Quando sono nato 2020 era una data della fantascienza, sulla quale si innestava un’idea di futuro ancorata a Verne, a Odissea 2001, al mondo dopo la discesa sulla luna. A quello mio nonno non credeva, lui la luna la osservava in rapporto alla natura, alla campagna, ai cicli femminini. Era in fondo un totem di una civiltà che gradatamente si proiettava su un tempo lontano che è oggi, che è il nostro. I paesi cantavano di prima mattina e il vocio si fondeva con i rumori della natura in un tutt’uno. Dalla partenza dei pullman a buio, ai bar, agli esercizi commerciali e poi gli uffici, le scuole; in un flusso che era prima il giorno, poi la settimana e i mesi… gli anni correvano al ritmo dei jukebox, delle discoteche, del calcio di provincia, degli ultimi cinema prima delle multisala.
Il mondo cambiava e cambia ancora, da un medioevo prolungato come le nostre adolescenze che non vogliono tradursi in maturità.
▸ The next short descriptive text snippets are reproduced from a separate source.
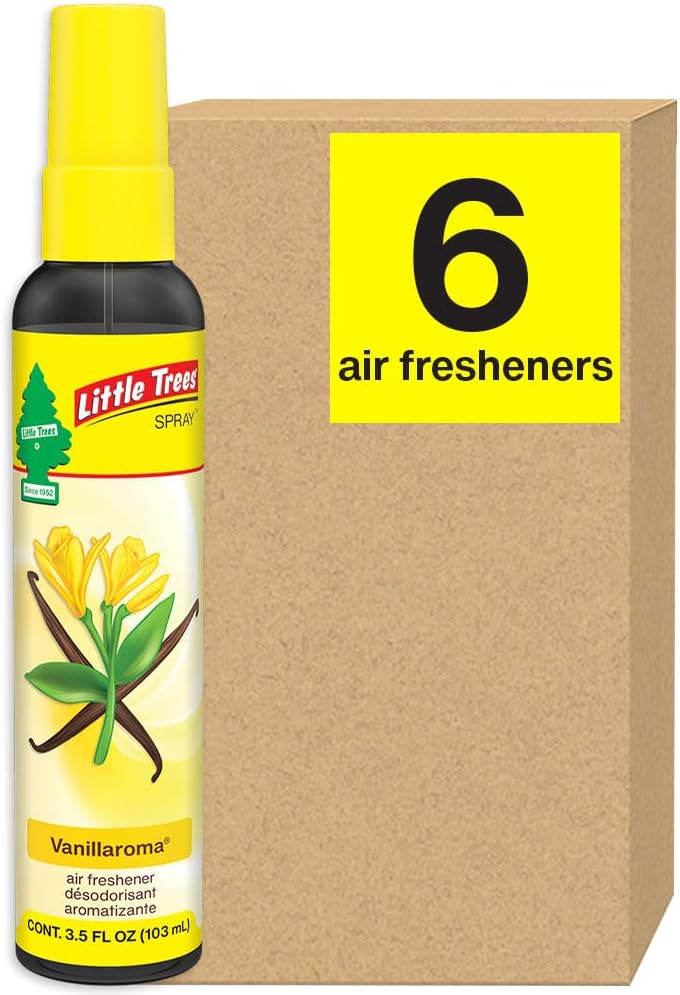 LITTLE TREES Car Air Freshener. SPRAY Provides a Long-Lasting Scent for Auto or Home. On-the-go Freshness. Vanillaroma, 6 Air Fresheners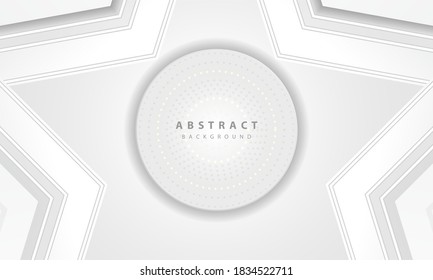 Abstract 3D circle papercut layer white background. Elegant circle shape design.
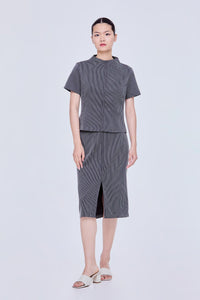 Stripes Mock Neck Paneled Top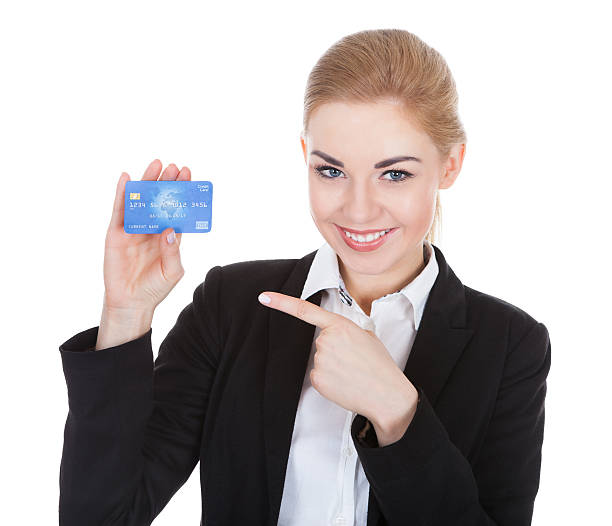 istock Young Woman Holding Credit Card 474313710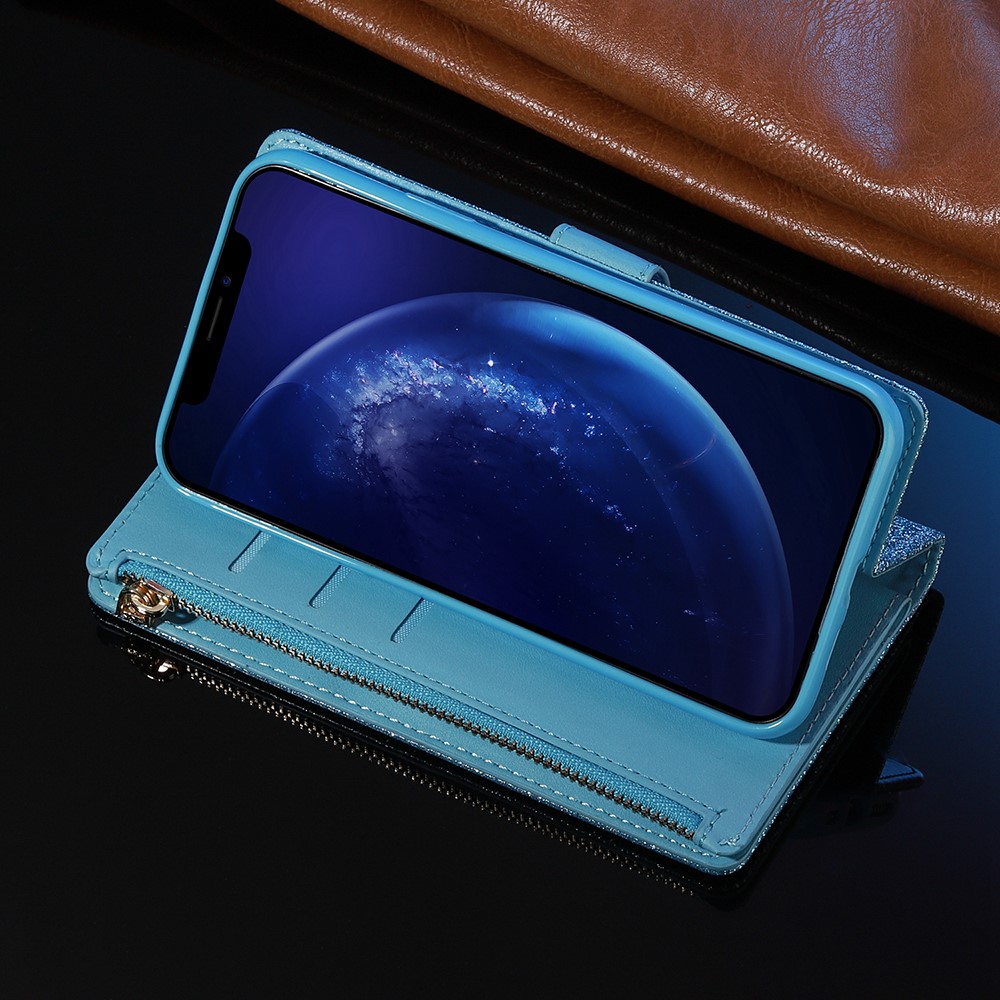 Glittery Starry Style Laser Carving Leather Cell Phone Cover with Strap for Samsung Galaxy S21 Ultra 5G - Blue-10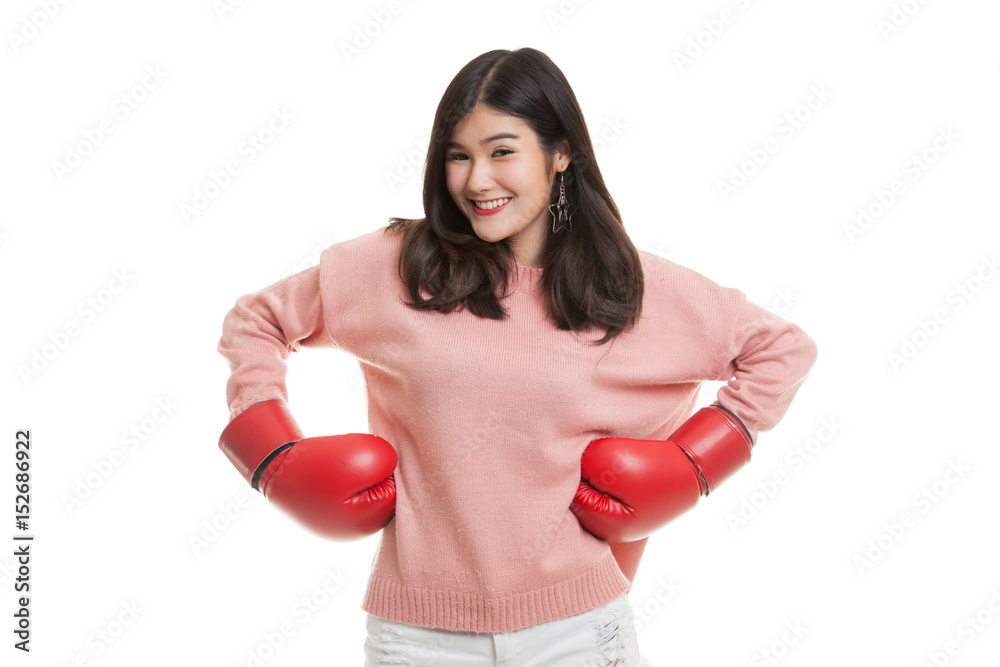 Young Asian woman with red boxing gloves. Young Asian woman with red boxing gloves.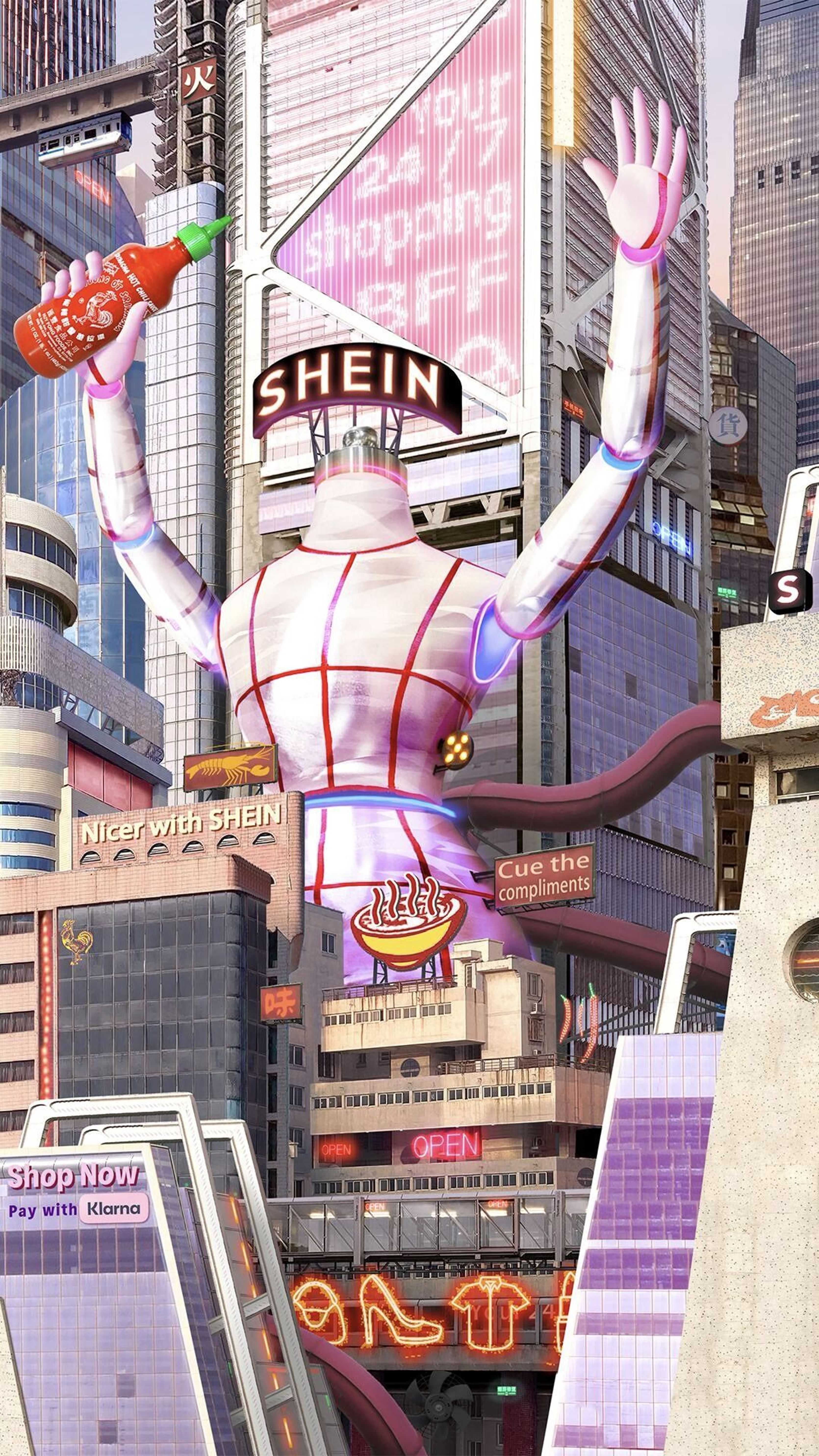 Giant SHEIN mannequin holding a Sriracha bottle among neon towers in Hotropolis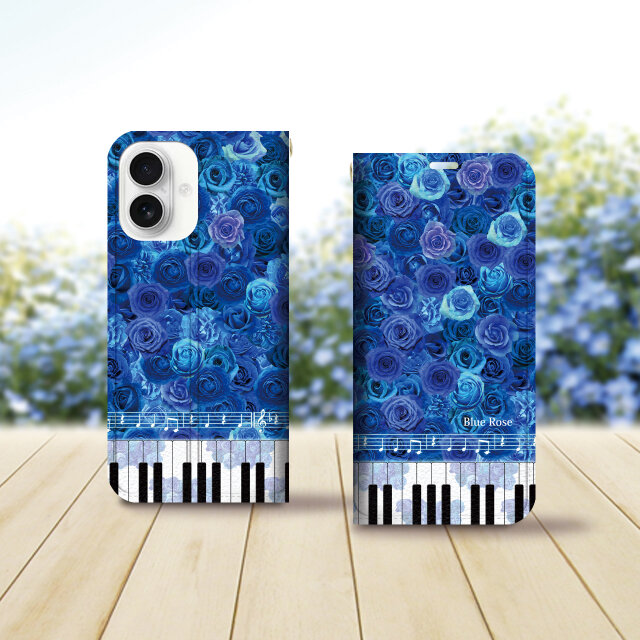 帯なし iPhone 手帳型スマホケース （カメラ穴あり/はめ込みタイプ）【奏（ブルーローズ）】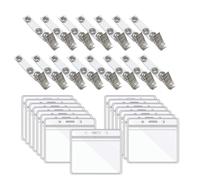 LMOGWL 15 pezzo set di portacarte trasparenti con clip, portabadge, cerniera impermeabile e richiudibile, porta carte d'identità in plastica, porta carte di credito, porta patente di guida in PVC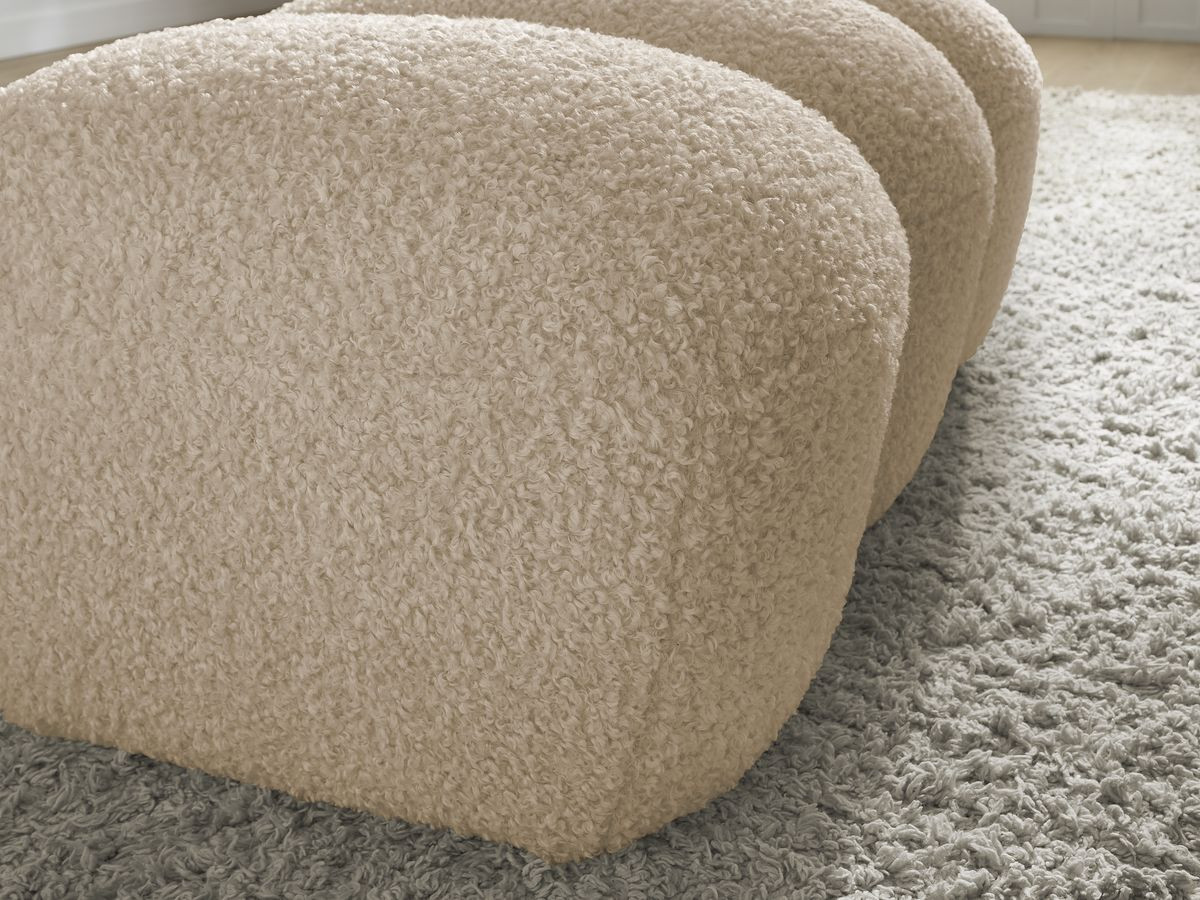Bobochic Hippolyte Pouf Bouclé-Stoff Beige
E il tempo scorre oltre il dissanguamento delle comunità minime, delle nostre periferie di campagna dove sembra più lungo e intenso, quando ancora sa riconoscere le stagioni perdute conducendole per mano. Una dopo l’altra, paese per paese, in questa dorata terra del tufo dove vivere è ancora dolce, se non ci prende l’ansia cittadina che ha fatto aumentare il traffico grossetano a dismisura. Allora godiamo delle ore più lunghe dei soliti 60 minuti, che solo qui si possono assaporare, inondate della bellezza potente delle mura di tufo su cui riflette ogni luce, delle vie nascoste e diluite nel letto impervio dei torrenti.
E la gente, autentica, come il fusto delle querce e degli olivi, come le traiettorie delle viti e dei templi dispersi. Qui tutto è magia, ogni foglia che s’alza al soffio di venti misteriosi che regolano la vita. Adesso siamo in attesa del risveglio nuovo… di una nuova primavera.